No. Your company can perform due diligence and plan for what's appropriate based on its risk profile. But little in life is foolproof. It's virtually impossible to nail down everything that can happen and plan for each and every scenario. You protect for what's appropriate for your business based on your risk threshold. How do you determine a reasonable plan of action for your company?
There are a couple of different things to consider. There are frequently occurring, low-impact events like a short-term network outage. And then there are low-probability, high-impact events, like a plane falling out of the sky onto your data center or a nuclear attack. The high-impact events probably aren't going to happen. For example, if your data center is in Houston, down near the Gulf, and it's in the basement, the likelihood of a flood is actually very high. How geographically disperse should companies place their backup facilities?
You can recover your technology more proximate to your business than you used to. I think recovering your San Francisco production data center in Philadelphia is useless. It's a couple of thousand miles away, plus you have to transport your technical staff to the site. What we recommend is to recover your technology within the region, but outside potential area of impact. Can you plan for something like 9/11?

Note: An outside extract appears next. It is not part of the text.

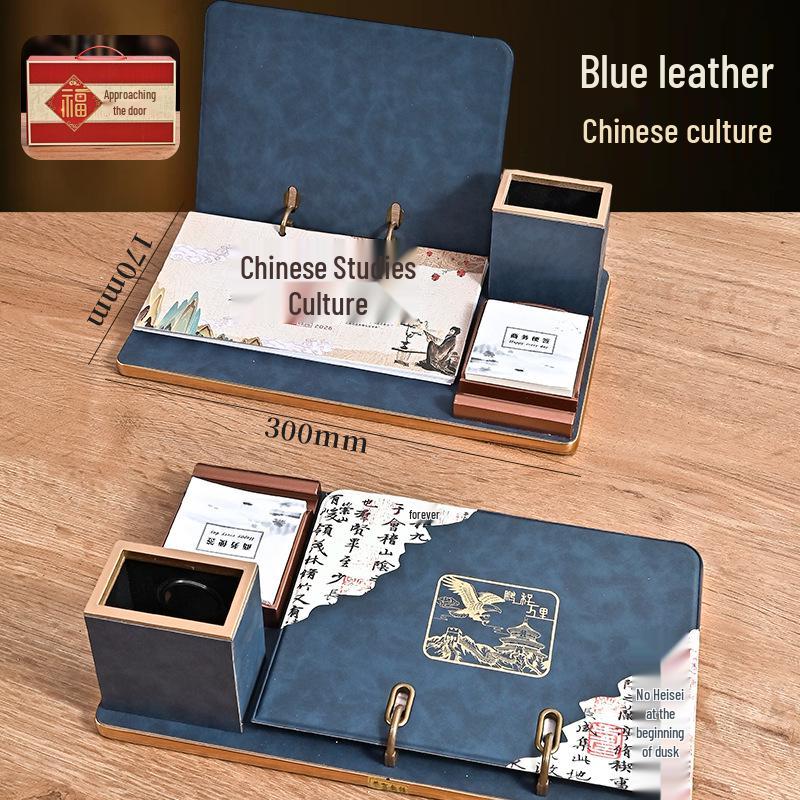2026 Custom Leather Business Desk Calendar Set with Logo - Creative Office Desktop Ornament Gift Box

You can plan for complete loss of the data center. That doesn't necessarily mean a plane flying into the building. It could mean a flood where all the equipment is ruined. It could mean a fire. Here's a wild example: I had a customer that built a $60 million data center in Texas. They built it on a landfill, and left a gap between the ground and the data center floor. After two years, they found this mold growing in the space that would have destroyed the data center, if they hadn't caught it in time. There's no way of really cleaning systems and network fiber. They would have just had to punt and move someplace else. You can't really anticipate that event. What are the different types of backup products and plans?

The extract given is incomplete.